Platform Overview
Agent Red Customer Experience automates customer support for e-commerce businesses using a pipeline of six specialized AI agents. Each agent handles a distinct responsibility — from classifying the customer's intent to generating a response and validating it for safety — so that routine conversations are resolved accurately with minimal human intervention.

The agent pipeline
When a customer sends a message, it flows through the agent pipeline:
- Intent Classification — Determines what the customer needs (order status, return request, product question, and others) across 18 total intent categories (17 customer-facing plus an admin-assistance route for admin-authenticated traffic) using GPT-4o-mini.
- Knowledge Retrieval — Searches your product catalog, FAQ database, and policy documents using hybrid semantic vector + keyword search to find relevant context.
- Response Generation — Composes a natural-language reply using the retrieved context and conversation history, personalized to your brand voice.
- Critic / Supervisor — Validates the response for factual accuracy, policy compliance, and content safety before it reaches the customer.
- Escalation Detection — Evaluates whether the conversation requires human attention (angry customer, complex issue, VIP account) and routes accordingly.
- Analytics — Records conversation metrics for quality monitoring, reporting, and continuous improvement.
Architecture
Agent Red runs as a unified API Gateway on Azure Container Apps (East US) with native auto-scaling. The six AI agents run in-process within the gateway, communicating via synchronous HTTP endpoints. Customer data is stored in Cosmos DB (Serverless) with tenant-level partition isolation.
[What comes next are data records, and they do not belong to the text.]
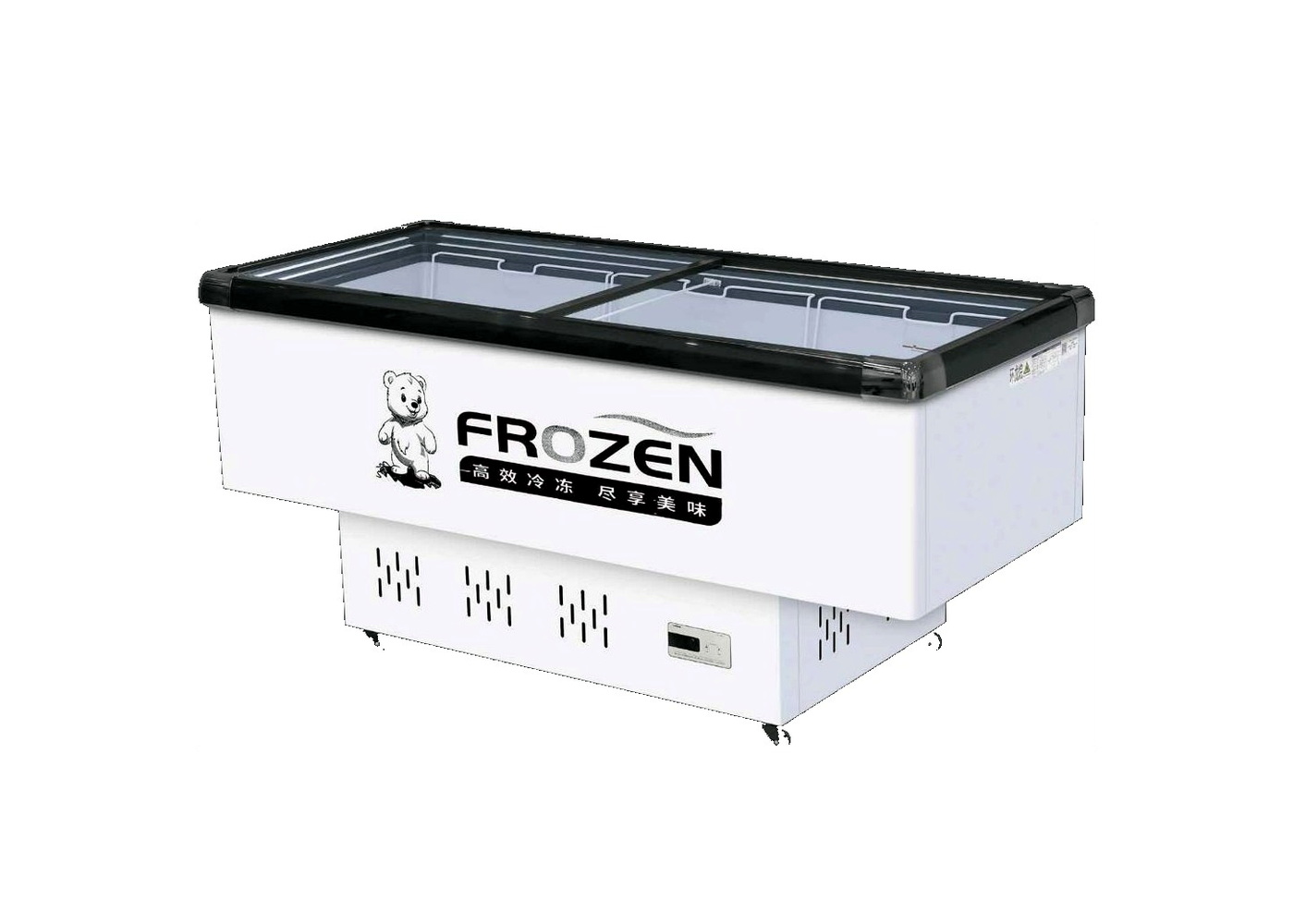 Flat top island freezer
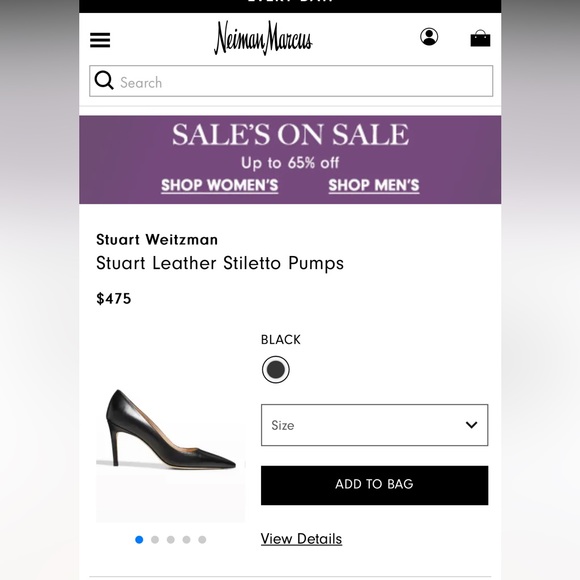 New Stuart Weitzman Leather Stiletto Pumps - Picture 9 of 10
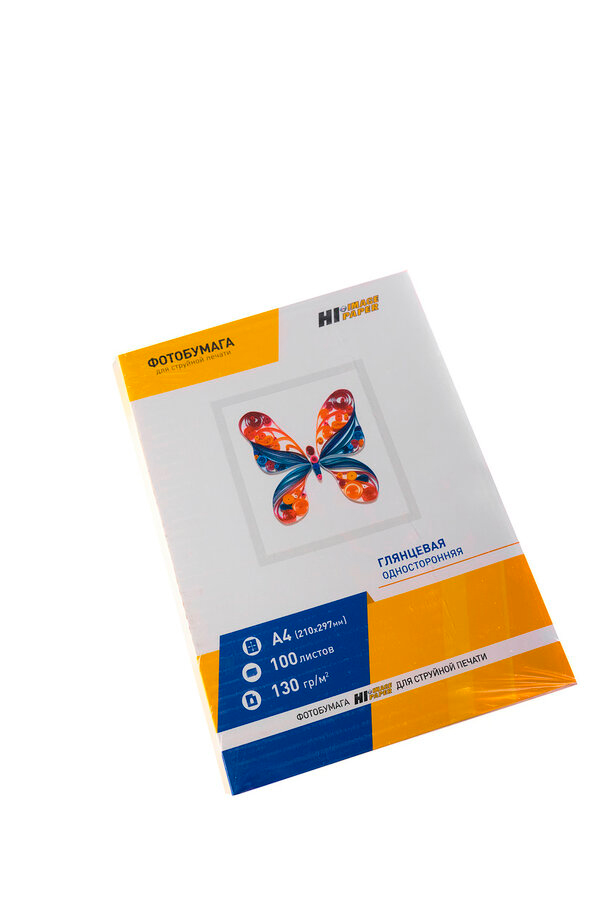 Фотобумага Hi-Image Paper глянцевая односторонняя, A4, 130 г/м2, 100 л.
A dedicated Customer Memory layer stores customer profiles and vectorized conversation transcripts — enabling the response generator to personalize replies based on each customer's interaction history.
| Component | Technology |
|---|---|
| Agent runtime | Azure Container Apps (native auto-scaling) |
| Agent communication | HTTP (in-process, synchronous pipeline) |
| Database | Azure Cosmos DB (Serverless, DiskANN vector index) |
| Cache | Azure Cache for Redis |
| AI models | Azure OpenAI Service (GPT-4o, GPT-4o-mini) |
| Embeddings | text-embedding-3-large |
| Secrets | Azure Key Vault (Managed Identity) |
| Customer Memory | Cosmos DB (profiles + vectorized conversation transcripts) |
| Monitoring | OpenTelemetry (Application Insights) |
Design targets
These are the performance targets Agent Red is designed to achieve:
| Metric | Target |
|---|---|
| Response latency (P95) | < 2 seconds |
| Uptime SLA (Enterprise) | 99.95% |
| Concurrent tenants at launch | 680 |
| Rate limit (all tiers) | 300 requests per minute per tenant |
Next steps
- How It Works — Deep dive into the six-agent pipeline, communication protocols, and data flow.
- Initial Setup — What you need to get Agent Red running for your store.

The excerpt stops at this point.